Der große Aufwand musste auch finanzierbar sein

Die Oberschlauen wollen wissen, dass Luther die Fürsten bezirzt habe, dass sie seine Reformation schützten. Falsch. Die Fürsten merkten selbst, dass Luther ihnen die theologischen Grundlagen schaffte, die ihrem Selbstverständnis als selbstständigen Fürsten entsprachen. Deswegen waren Luthers Ideen ihnen willkommen. Tatsächlich ergriffen sie aber dann aufrichtig und engagiert die ihnen vom Reformator zugedachte Rolle als "Notbischöfen". Das konnte man in der Torgauer Ausstellung studieren.

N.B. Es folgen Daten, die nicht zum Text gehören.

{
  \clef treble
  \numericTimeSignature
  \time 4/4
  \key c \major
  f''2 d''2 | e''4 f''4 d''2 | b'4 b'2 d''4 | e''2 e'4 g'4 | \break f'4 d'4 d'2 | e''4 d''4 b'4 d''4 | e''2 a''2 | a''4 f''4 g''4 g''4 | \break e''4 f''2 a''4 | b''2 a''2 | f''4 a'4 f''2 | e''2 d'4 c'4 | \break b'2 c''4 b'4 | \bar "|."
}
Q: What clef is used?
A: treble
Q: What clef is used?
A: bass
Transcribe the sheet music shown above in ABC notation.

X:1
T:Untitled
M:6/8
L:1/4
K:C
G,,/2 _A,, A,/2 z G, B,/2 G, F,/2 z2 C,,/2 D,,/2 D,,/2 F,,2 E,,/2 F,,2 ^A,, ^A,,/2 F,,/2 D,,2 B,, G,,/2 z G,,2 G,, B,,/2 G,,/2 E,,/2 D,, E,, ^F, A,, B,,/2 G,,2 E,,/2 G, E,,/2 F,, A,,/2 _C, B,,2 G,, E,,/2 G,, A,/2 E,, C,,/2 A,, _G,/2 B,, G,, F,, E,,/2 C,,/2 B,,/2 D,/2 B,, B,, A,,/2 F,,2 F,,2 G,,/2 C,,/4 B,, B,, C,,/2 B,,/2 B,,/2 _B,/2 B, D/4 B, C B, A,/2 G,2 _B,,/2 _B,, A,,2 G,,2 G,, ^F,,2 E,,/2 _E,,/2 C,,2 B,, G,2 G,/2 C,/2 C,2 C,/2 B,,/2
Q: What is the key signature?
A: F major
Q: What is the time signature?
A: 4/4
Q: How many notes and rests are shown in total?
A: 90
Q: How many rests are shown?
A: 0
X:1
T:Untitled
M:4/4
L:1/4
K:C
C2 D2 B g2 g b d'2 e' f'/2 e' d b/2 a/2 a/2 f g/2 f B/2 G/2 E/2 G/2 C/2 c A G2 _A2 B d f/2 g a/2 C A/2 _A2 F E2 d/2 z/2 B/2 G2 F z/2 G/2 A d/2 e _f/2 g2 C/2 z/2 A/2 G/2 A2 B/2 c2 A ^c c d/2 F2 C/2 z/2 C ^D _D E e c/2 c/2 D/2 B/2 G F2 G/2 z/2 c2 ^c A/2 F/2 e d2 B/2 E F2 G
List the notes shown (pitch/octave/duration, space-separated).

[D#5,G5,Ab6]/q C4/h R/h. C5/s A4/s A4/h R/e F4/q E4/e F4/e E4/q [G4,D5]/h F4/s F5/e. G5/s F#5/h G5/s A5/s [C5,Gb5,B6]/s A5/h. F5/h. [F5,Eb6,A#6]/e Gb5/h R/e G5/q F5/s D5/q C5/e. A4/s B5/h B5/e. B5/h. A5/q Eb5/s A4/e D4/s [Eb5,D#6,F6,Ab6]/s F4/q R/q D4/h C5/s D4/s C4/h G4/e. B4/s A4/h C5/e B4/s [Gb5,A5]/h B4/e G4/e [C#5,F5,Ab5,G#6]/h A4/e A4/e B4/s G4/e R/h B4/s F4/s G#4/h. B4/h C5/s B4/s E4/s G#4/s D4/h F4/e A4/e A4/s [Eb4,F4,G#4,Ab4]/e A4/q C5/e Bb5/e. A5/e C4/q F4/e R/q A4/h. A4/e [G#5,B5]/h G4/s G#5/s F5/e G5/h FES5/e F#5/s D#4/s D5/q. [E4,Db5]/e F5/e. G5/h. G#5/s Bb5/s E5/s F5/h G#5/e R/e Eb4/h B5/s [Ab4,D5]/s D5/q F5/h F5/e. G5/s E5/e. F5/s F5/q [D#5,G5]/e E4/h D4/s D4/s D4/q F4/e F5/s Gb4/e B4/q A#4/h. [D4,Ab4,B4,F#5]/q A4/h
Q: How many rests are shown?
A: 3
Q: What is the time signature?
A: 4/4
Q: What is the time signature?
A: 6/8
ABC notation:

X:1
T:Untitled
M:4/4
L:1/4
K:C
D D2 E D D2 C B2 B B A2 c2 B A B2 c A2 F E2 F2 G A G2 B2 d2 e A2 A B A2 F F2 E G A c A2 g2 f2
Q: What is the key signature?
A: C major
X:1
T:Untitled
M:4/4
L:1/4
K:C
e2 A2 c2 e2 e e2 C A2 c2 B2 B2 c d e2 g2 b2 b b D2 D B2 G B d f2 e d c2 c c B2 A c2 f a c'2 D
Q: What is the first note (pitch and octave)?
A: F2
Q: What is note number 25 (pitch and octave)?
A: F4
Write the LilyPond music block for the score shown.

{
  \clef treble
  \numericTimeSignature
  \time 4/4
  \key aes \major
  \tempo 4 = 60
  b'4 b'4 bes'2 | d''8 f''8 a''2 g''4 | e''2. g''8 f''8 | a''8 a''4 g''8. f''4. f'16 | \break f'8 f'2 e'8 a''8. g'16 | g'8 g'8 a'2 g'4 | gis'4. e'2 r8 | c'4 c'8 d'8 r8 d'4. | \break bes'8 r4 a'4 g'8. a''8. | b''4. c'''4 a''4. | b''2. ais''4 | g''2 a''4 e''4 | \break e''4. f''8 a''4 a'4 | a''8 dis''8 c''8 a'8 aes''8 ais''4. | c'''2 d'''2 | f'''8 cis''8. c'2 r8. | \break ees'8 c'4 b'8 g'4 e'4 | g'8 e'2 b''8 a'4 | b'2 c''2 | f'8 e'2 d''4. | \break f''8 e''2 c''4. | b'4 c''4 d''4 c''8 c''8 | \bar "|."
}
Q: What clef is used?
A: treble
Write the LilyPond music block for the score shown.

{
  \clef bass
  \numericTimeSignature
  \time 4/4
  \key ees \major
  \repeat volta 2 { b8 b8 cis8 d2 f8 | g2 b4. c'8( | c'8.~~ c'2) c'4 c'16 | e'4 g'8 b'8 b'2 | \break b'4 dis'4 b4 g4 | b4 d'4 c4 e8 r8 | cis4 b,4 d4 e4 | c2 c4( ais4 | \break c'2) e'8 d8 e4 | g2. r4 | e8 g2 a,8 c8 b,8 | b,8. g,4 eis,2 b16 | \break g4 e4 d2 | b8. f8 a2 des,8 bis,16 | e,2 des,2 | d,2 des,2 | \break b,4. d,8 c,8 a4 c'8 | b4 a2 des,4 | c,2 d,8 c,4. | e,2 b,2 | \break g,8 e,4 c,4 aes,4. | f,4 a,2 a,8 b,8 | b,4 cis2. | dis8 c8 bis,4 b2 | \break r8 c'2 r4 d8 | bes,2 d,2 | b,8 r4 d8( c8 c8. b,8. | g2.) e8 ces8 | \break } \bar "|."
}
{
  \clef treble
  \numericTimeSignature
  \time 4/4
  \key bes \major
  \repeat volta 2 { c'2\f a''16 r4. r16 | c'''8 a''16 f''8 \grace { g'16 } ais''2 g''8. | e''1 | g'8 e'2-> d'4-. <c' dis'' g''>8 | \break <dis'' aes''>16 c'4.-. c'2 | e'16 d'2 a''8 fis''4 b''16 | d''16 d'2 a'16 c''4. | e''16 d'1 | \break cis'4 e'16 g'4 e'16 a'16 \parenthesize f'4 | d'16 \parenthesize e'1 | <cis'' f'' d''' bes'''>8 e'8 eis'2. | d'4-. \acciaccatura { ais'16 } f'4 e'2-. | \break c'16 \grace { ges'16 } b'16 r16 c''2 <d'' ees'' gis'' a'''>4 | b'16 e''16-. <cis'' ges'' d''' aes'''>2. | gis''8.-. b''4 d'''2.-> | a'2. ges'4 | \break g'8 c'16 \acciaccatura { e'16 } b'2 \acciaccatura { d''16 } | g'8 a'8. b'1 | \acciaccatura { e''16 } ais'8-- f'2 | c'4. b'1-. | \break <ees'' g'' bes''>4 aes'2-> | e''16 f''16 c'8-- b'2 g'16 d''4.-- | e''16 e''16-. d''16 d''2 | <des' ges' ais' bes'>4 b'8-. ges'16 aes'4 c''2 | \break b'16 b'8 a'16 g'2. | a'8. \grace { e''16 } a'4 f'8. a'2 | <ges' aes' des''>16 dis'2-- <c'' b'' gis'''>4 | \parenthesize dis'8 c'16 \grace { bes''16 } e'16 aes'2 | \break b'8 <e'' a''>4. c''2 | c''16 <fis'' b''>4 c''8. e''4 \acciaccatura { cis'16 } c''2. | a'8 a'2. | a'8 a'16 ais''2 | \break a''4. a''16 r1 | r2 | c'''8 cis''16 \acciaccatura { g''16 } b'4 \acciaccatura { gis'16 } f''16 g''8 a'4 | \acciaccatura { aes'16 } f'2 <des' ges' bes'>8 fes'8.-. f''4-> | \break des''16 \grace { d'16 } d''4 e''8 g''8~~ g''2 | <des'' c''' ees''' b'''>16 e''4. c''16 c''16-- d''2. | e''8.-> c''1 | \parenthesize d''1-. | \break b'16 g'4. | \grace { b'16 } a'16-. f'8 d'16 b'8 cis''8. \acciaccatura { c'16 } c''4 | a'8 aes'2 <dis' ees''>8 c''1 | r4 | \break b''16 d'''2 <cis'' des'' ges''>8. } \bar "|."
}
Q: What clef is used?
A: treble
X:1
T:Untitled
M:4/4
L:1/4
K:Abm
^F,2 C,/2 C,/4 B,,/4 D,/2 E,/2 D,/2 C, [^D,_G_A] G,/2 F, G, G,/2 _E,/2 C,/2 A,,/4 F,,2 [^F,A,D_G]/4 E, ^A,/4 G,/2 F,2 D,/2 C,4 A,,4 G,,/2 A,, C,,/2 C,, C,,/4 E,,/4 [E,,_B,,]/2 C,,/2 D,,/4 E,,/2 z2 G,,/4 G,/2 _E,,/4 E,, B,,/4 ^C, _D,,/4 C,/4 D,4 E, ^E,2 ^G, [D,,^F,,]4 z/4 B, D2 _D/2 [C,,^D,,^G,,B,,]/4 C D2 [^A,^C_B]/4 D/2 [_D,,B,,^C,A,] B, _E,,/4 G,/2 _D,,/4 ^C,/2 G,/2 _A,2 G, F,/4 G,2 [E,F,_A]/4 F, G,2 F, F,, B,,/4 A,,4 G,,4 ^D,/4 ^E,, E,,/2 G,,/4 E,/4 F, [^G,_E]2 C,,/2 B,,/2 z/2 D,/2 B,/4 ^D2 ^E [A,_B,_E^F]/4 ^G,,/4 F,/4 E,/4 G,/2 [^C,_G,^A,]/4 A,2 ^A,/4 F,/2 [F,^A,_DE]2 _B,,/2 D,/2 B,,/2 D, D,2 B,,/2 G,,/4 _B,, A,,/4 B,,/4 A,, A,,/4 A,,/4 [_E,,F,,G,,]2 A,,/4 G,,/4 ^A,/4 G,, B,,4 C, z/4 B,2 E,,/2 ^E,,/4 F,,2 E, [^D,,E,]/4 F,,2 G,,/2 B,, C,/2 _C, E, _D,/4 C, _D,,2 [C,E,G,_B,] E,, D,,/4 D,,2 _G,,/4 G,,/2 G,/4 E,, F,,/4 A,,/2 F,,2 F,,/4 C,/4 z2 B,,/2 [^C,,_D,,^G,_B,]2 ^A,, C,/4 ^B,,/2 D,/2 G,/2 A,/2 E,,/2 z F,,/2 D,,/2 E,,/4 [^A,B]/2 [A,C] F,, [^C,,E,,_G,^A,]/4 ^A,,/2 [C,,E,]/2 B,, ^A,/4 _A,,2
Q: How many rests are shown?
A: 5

Zum umfangreichen Jubiläumsaufwand muss man auch ganz praktisch anmerken, dass er überhaupt möglich war, weil man damit rechnen konnte, dass in diesem Jahr genug Gäste kommen würden, so dass die Projekte auch finanzierbar sein würden. Die Reformation ist eines der wichtigsten Geschehen der Neuzeit und hat uns Grundlagen auch unseres heutigen Lebens geschaffen. Das ist die große Aufmerksamkeit wert. Insgesamt ist aber tatsächlich viel Gutes dabei heraus gekommen und viel gutes Bleibendes wurde für die Zukunft geschaffen. Es besteht also kein Grund, sich von irgendeiner Art von Überich sagen zu lassen, die Jubiläumsfeiern müsse man negativ bewerten.